One of our first things we did was actually install from all of the massive data out there in local languages weather-reports, crop pest and disease reports that are used in radio stations. This is FarmerVoiceRadio that was broadcasting the local weather for the first time in villages. They’ve never heard the weather report before. We got some very good feedback in terms of explanations of what do you mean by kilometers, what do you mean by degree Celsius, etc. So a lot of programming had to go in to supplement that.
We also worked with the Grameen Foundation in Uganda to create dashboards individualized for the various agricultural regions synthesizing information that could not have been done very easily if it was done manually; working with direct connections to Africa, sending in textbooks that are now in local languages. The Anthill Foundation – this is a village in Uganda where the village had not yet had textbooks before. This was the day that the first one arrived, and you can see the children’s heads pressed against each other. Definitely a demand for this kind of content. This is the most encouraging thing I found of this whole exercise, “I believe the books will motivate even those who are currently not attending school to go,” which is a very encouraging insight. This is one of our funnest projects.
This is a high-end 3D animation video game. Most languages do not have video games. This one is actually an output of an algorithm engine; it can be played for any geography in the world given the world soil conditions, climate conditions, etc.; it imitates the agronomy of any location, and we’ve got algorithms that can look at Google maps and actually get the actual terrain of the village where the game might be played. It’s for agricultural extension workers to learn how to form in areas that they might have not visited before.

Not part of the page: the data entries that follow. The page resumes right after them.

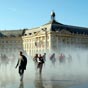 Effet brouillard du miroir d'eau devant la place de la Bourse....effet garanti et apprci, particulirement en priode estivale.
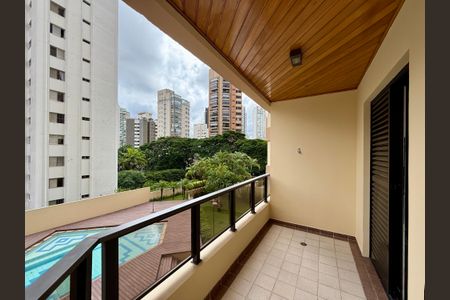 Apartamento à venda com 155m², 3 quartos e 3 vagas Apartamento à venda com 155m², 3 quartos e 3 vagasSacada Suíte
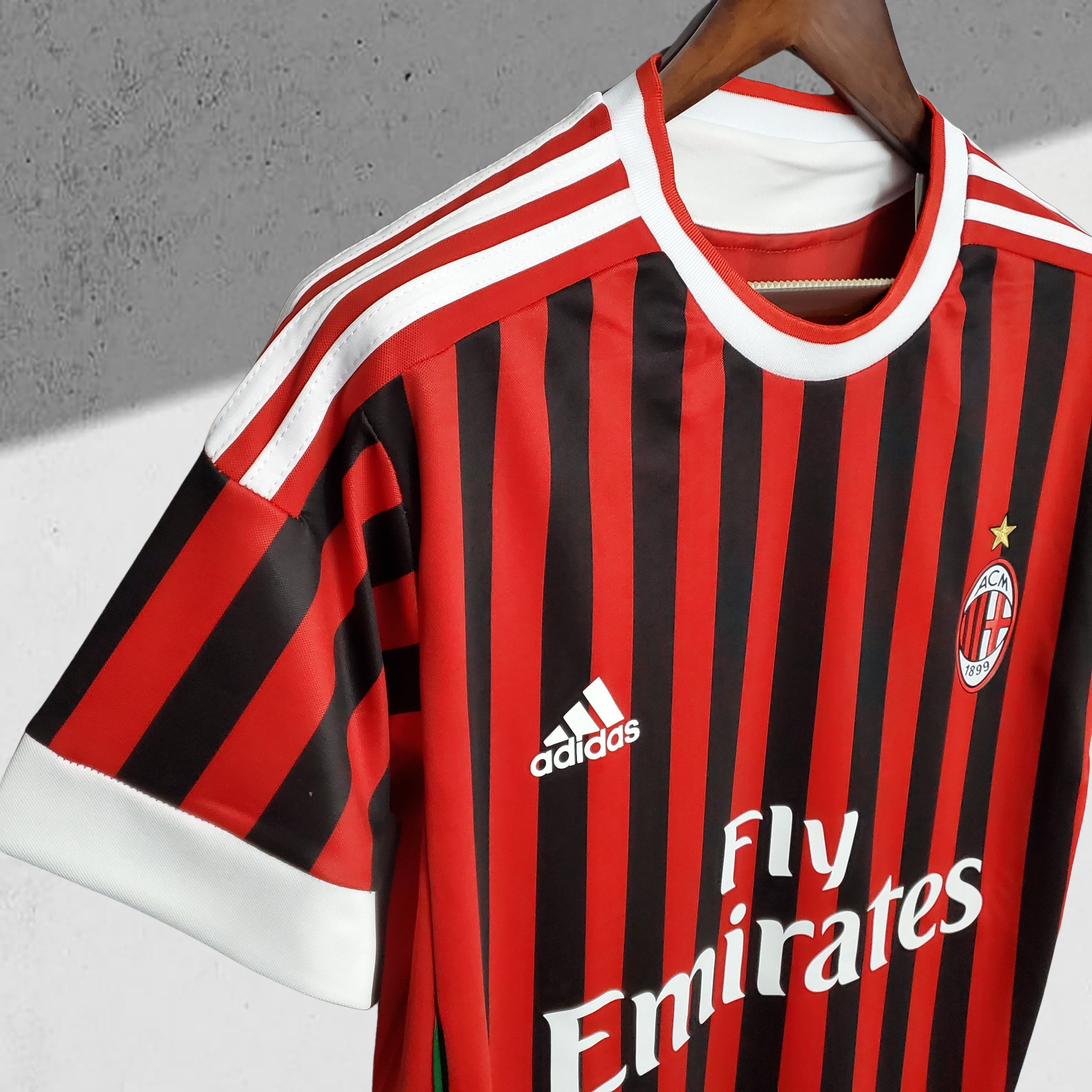 AC Milan 2011–2012 Hjemmedrakt
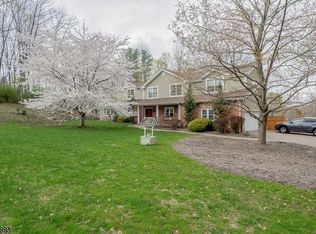 1 Cramer Dr, Chester, NJ 07930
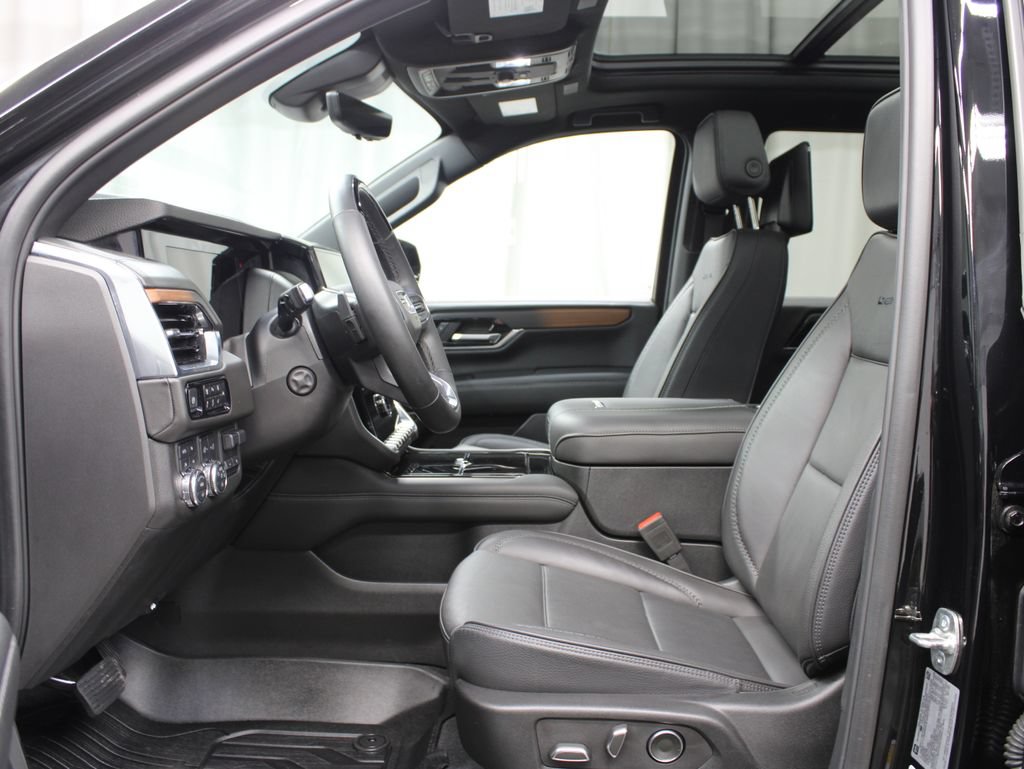 Used 2025 GMC Yukon Denali w/ Denali Reserve Package AWD/4WD image 10
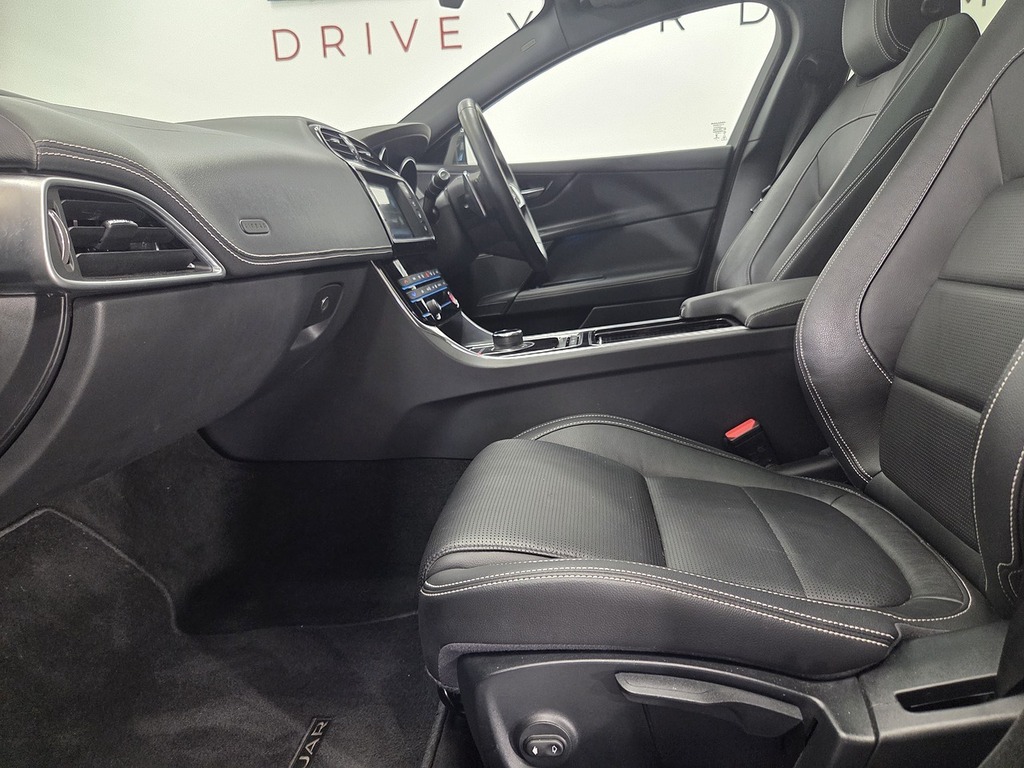 Jaguar XE 2.0I Gpf R-sport Saloon Euro 6 S Grey #5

In terms of hardware, this is where we started. The future will be in your pocket. Your phones should be writing books for you pretty soon. They’ll be writing PhD dissertations – talk about formulaic for anyone’s ever done it – “The effects of X on Y; a Z perspective,” speculation or discovery engines, minority reports telling us before disease breaks out in a given region what should be the plan of action or the call to action.
Word 2.0 – you’ve ever been to a Word document, and it’s blank, and you’re going, “Gosh, I’d like to write a biography about my grandfather.” You push a few buttons, do a few things, and boom! you’ve got a first draft. So maybe Word can write for us. Instead of googling, maybe we can have a content engine so when you type in “bibliography, subject X,” it actually gives you one, and it’s yours to reuse as much as you want with all rights clearance. My favorite one is a physics textbook.
When you’re a child, often, you don’t like what you’re reading. Do you agree? Physics books. But you want to be a football player. Why not have a football player physics book? Why not have a ballet physics book? There are thousands of subjects people are interested in. Why not have the context of what I’m most interested in because now we can create these types of titles; if we can do the world’s smallest languages, we can certainly do the world’s smallest hobbies. Big data is big, but I think we all should demand more. Thank you very much.